There were one-off appearances from several other actors, including Tony Haygarth as Bernard Porke, the ill-mannered proprietor of the Rio Grande boarding house in Skegness, where the Moles stayed during a holiday; David Ryall as Mr Reginald Gudgeon, the well-meaning but inept manager of the local benefits office, Patrick Barlow as Mitchell Malone, the excitable local radio disc jockey and Lucy Benjamin as Sharon Bott.

==Episodes==

| # | Episode | Writer | Director | Original airdate |
| 1 | Episode One: Falklands War | Patrick Barlow | Peter Sasdy | 5 January 1987 |
1982: the Falklands conflict rages. Bert's swapped medieval squalour for a new bungalow, both Doreen and Pauline have alarming news to George, and Adrian's mission to demystify the female form ends badly.

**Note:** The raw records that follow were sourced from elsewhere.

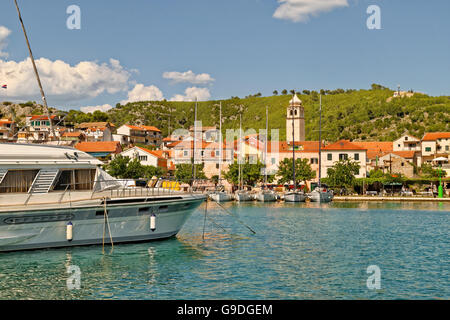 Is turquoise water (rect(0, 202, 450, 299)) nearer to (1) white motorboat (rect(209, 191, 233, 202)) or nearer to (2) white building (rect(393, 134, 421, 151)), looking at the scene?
(1) white motorboat (rect(209, 191, 233, 202))

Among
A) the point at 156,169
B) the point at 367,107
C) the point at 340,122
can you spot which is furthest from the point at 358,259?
the point at 367,107

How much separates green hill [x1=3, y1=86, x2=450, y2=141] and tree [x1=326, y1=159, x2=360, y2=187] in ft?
114

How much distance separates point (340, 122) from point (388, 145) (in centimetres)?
4112

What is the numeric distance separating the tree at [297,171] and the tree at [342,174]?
306 cm

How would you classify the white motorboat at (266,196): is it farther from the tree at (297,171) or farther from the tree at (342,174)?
the tree at (342,174)

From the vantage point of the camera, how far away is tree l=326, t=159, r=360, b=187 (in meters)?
71.9

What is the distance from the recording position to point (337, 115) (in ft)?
503

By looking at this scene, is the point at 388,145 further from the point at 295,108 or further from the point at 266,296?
the point at 266,296

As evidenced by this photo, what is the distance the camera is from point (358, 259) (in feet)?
70.2

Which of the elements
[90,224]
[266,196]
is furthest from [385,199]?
[90,224]

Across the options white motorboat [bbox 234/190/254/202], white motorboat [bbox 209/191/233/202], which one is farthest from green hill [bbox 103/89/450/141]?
white motorboat [bbox 209/191/233/202]

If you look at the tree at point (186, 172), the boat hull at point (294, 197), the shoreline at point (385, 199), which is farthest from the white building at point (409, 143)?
the boat hull at point (294, 197)

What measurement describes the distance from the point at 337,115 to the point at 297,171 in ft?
279

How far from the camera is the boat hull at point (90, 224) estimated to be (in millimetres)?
20766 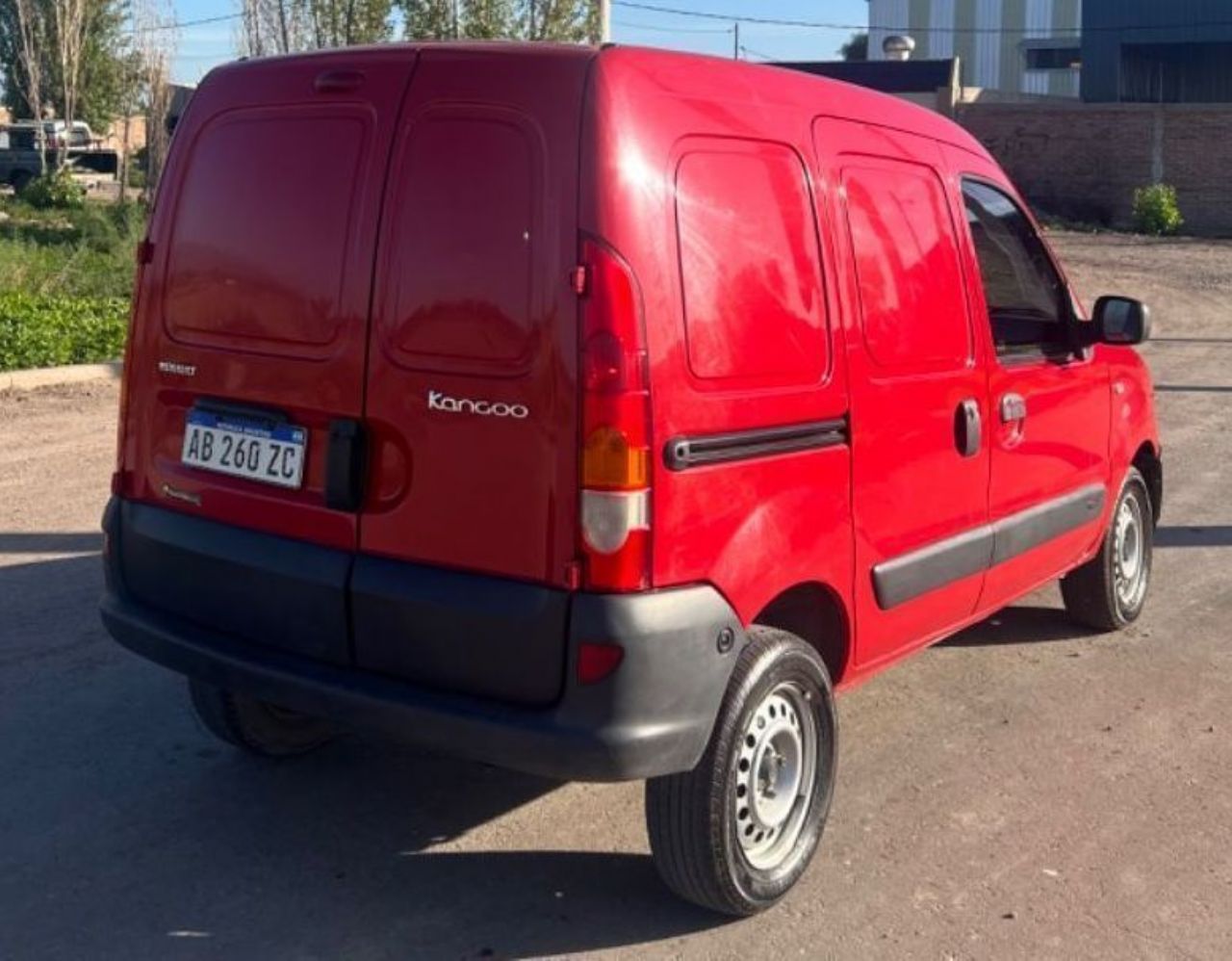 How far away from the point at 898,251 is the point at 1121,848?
1.84 metres

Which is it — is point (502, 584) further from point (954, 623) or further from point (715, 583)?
point (954, 623)

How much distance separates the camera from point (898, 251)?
183 inches

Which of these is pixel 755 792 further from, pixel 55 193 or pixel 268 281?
pixel 55 193

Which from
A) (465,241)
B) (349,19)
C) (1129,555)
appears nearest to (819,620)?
(465,241)

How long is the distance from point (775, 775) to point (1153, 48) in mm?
50907

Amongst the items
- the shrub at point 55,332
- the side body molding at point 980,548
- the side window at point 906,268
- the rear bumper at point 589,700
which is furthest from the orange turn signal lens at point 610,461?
the shrub at point 55,332

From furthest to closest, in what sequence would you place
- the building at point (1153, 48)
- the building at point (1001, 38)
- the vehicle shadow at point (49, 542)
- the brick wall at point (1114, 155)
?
the building at point (1001, 38)
the building at point (1153, 48)
the brick wall at point (1114, 155)
the vehicle shadow at point (49, 542)

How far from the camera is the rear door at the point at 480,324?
368cm

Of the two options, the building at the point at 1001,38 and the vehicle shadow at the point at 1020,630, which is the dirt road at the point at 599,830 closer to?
the vehicle shadow at the point at 1020,630

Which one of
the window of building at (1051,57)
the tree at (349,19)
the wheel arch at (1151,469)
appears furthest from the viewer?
the window of building at (1051,57)

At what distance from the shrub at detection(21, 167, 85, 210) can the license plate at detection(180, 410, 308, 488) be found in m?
24.5

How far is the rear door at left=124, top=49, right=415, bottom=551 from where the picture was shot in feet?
13.1

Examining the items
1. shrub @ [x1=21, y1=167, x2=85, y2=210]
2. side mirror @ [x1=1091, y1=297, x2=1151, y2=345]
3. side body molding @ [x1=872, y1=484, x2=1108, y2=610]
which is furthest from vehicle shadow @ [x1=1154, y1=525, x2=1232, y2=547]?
shrub @ [x1=21, y1=167, x2=85, y2=210]

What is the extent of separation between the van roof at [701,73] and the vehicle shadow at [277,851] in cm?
211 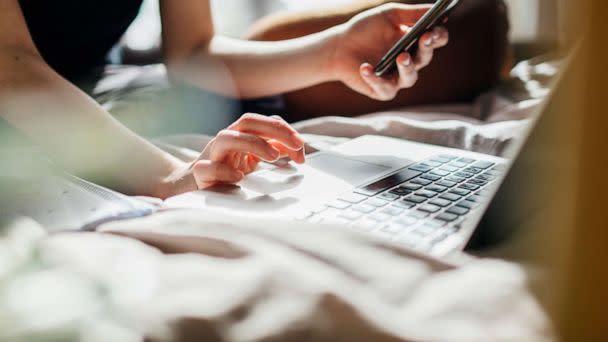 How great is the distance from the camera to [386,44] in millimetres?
747

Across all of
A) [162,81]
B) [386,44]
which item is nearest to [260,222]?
[386,44]

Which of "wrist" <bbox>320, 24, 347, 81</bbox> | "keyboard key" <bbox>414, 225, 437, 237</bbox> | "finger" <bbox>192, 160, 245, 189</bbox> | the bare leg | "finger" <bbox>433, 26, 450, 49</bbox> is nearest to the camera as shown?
"keyboard key" <bbox>414, 225, 437, 237</bbox>

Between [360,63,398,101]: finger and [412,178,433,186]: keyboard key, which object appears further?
[360,63,398,101]: finger

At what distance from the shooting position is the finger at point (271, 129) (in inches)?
20.4

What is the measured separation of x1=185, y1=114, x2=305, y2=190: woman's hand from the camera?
1.63ft

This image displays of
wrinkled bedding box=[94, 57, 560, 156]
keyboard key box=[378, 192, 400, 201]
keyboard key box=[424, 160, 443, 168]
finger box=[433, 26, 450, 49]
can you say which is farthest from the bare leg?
keyboard key box=[378, 192, 400, 201]

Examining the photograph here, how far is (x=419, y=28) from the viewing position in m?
0.61

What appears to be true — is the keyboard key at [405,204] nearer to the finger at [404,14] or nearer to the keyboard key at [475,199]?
the keyboard key at [475,199]

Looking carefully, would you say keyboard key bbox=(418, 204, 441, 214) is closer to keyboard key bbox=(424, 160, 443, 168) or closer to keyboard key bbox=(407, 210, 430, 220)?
keyboard key bbox=(407, 210, 430, 220)

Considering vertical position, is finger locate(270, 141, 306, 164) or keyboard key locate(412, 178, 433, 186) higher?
finger locate(270, 141, 306, 164)

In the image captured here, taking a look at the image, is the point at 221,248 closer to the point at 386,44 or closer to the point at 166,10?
the point at 386,44

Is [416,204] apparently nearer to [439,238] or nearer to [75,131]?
[439,238]

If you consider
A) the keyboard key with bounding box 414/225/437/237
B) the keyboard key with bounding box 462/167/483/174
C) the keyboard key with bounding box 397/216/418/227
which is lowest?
the keyboard key with bounding box 462/167/483/174

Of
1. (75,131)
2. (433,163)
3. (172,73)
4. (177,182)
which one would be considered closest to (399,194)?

| 2 | Episode Two: Skating Rink | Patrick Barlow | Peter Sasdy | 12 January 1987 |
Adrian learns that 50p and a bag of grapes can't buy you love - but an aptitude for domestic chores just might. George has an unwelcome letter from the Inland Revenue, and it seems the Moles will be holidaying in Skegness... again
| 3 | Episode Three: Skegness | Patrick Barlow | Peter Sasdy | 19 January 1987 |
George leaves the family home, and Adrian and his mum face straitened circumstances. With her Giro cheque three weeks late, Pauline takes an extreme course of action...
| 4 | Episode Four: Mum Gives Birth | Patrick Barlow | Peter Sasdy | 26 January 1987 |
George leaves the family home, and Adrian and his mum face straitened circumstances. With her Giro cheque three weeks late, Pauline takes an extreme course or action...
| 5 | Episode Five: Reconciliation | Patrick Barlow | Peter Sasdy | 2 February 1987 |
The Mole family spends New Year's Eve together, with a morose Bert in attendance. Nigel can't decide whether to be heterosexual, bisexual or gay, while an attempted reconciliation between Pauline and George doomed to failure.
| 6 | Episode Six: Church in Hull | Patrick Barlow | Peter Sasdy | 9 February 1987 |
Having been suspended for a week Adrian's considered worth of Barry Kent's gang. Spending his evenings loitering outside a Chinese takeaway, he thinks he might be tasting real life at last; but is it a double life? And if he were to run away... would anyone notice?